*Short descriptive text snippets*
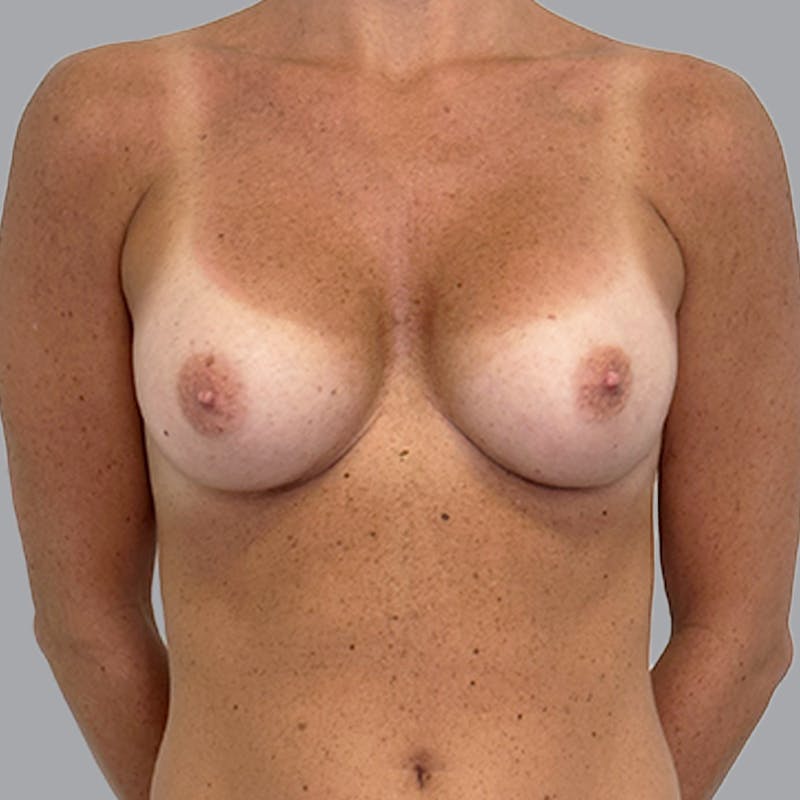 Breast Implant Removal Before & After Gallery - Patient 216399 - Image 1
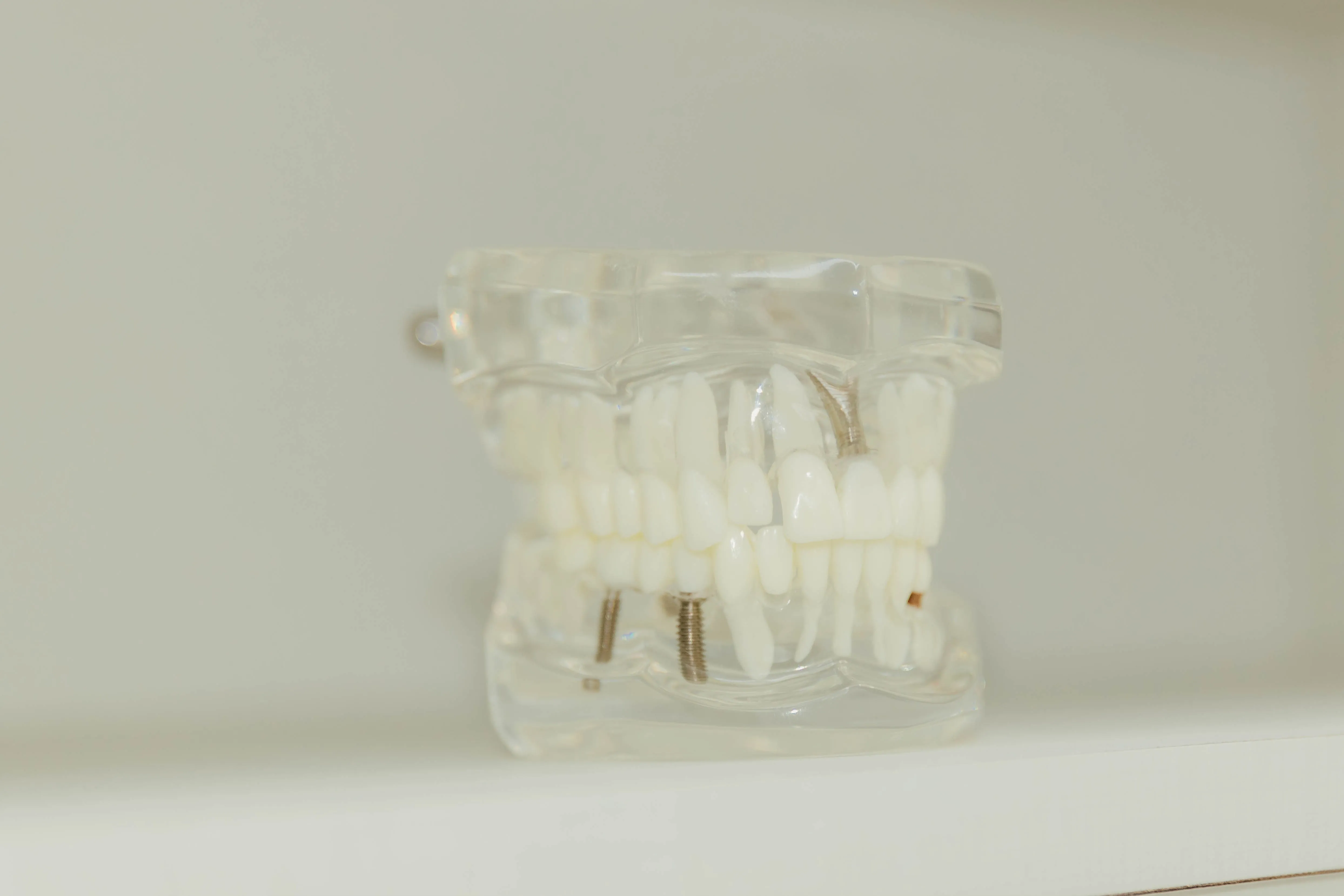 Transparent dental model showing artificial teeth with metal implants.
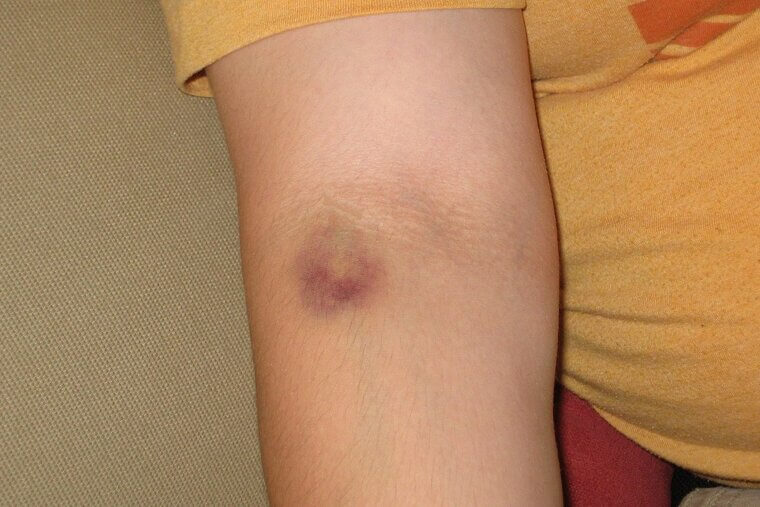 Skin Bruises Easily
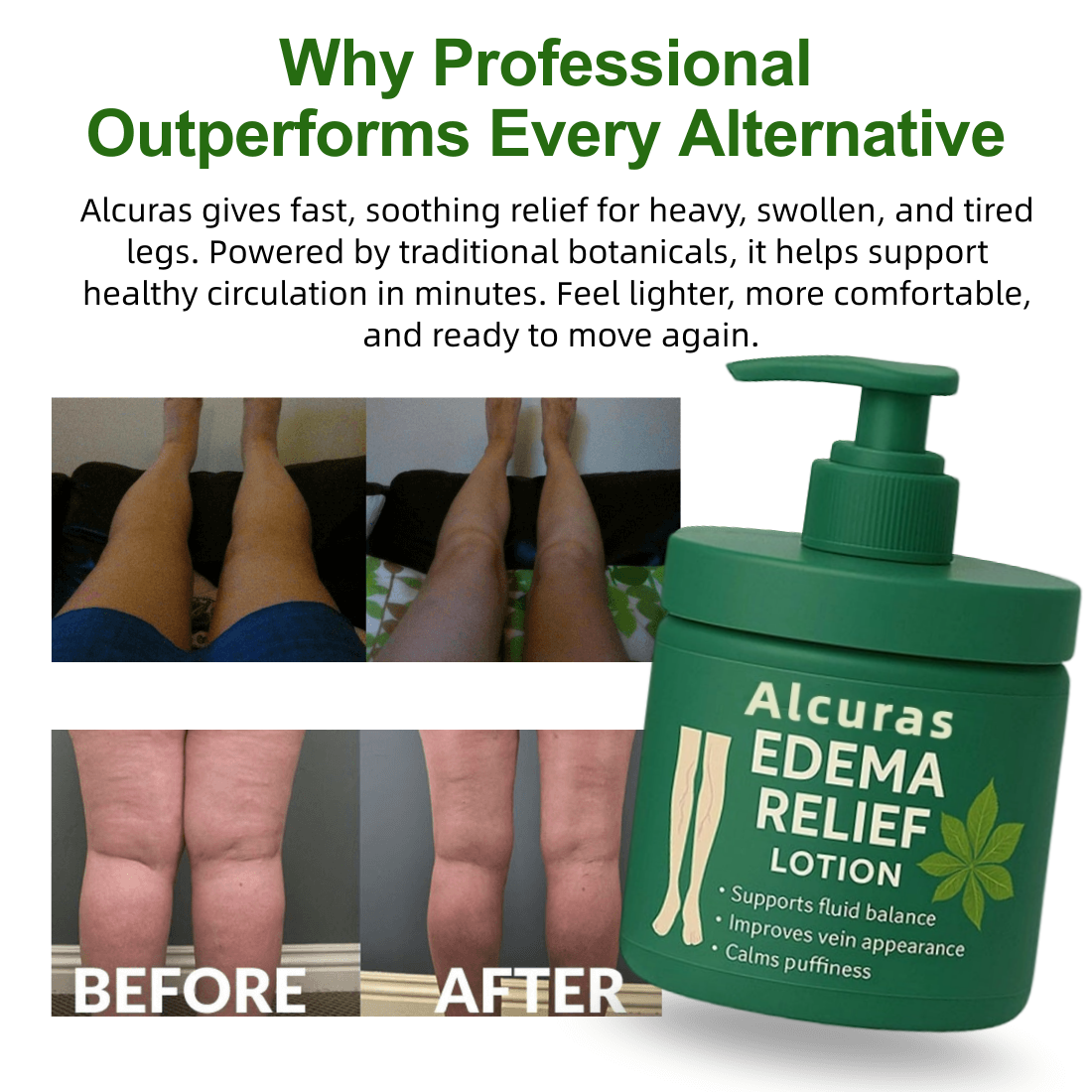 Alcuras™ Edema Relief Lotion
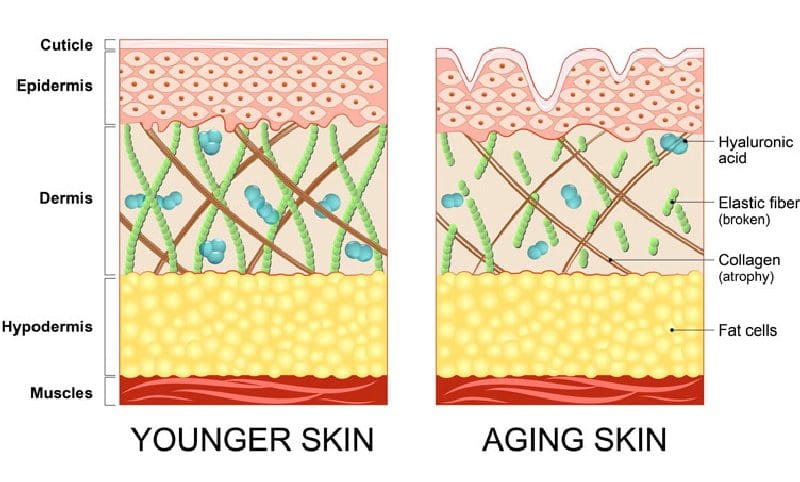 skin diagram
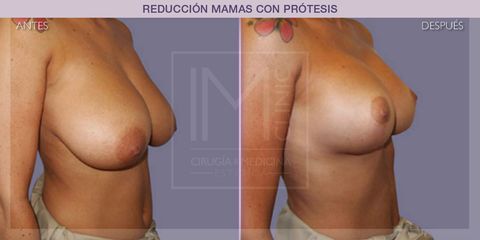 Reducción mamas - IM CLINIC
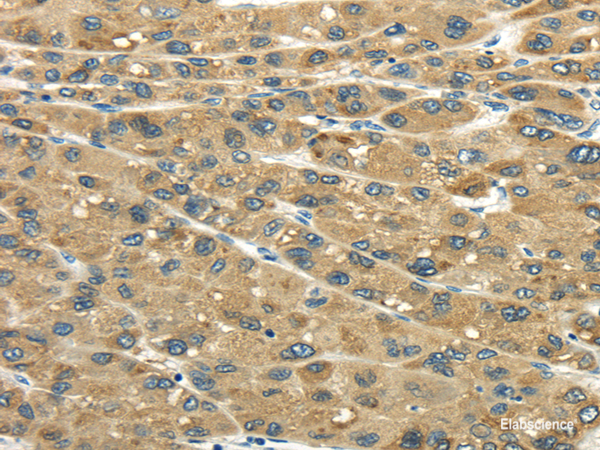 Immunohistochemistry of paraffin-embedded Human liver cancer tissue using UGT2B4 Polyclonal Antibody at dilution 1:45
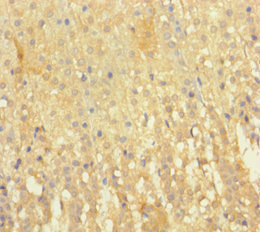 EML2 Polyclonal Antibody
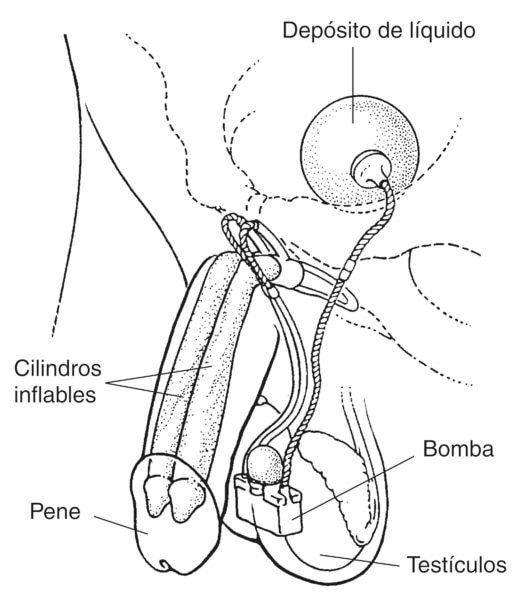 Ilustración de un implante inflable para tratar la disfunción eréctil. Una erección se produce apretando una pequeña bomba implantada en el escroto. La bomba causa que el fluido que se encuentra en un depósito de la pelvis inferior fluya hacia dos cilindr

*Prompt*
Will you set down the records word for word while leaving out every picture?

*Solution to this exercise*
 Breast Implant Removal Before & After Gallery - Patient 216399 - Image 1
 Transparent dental model showing artificial teeth with metal implants.
 Skin Bruises Easily
 Alcuras™ Edema Relief Lotion
 skin diagram
 Reducción mamas - IM CLINIC
 Immunohistochemistry of paraffin-embedded Human liver cancer tissue using UGT2B4 Polyclonal Antibody at dilution 1:45
 EML2 Polyclonal Antibody
 Ilustración de un implante inflable para tratar la disfunción eréctil. Una erección se produce apretando una pequeña bomba implantada en el escroto. La bomba causa que el fluido que se encuentra en un depósito de la pelvis inferior fluya hacia dos cilindr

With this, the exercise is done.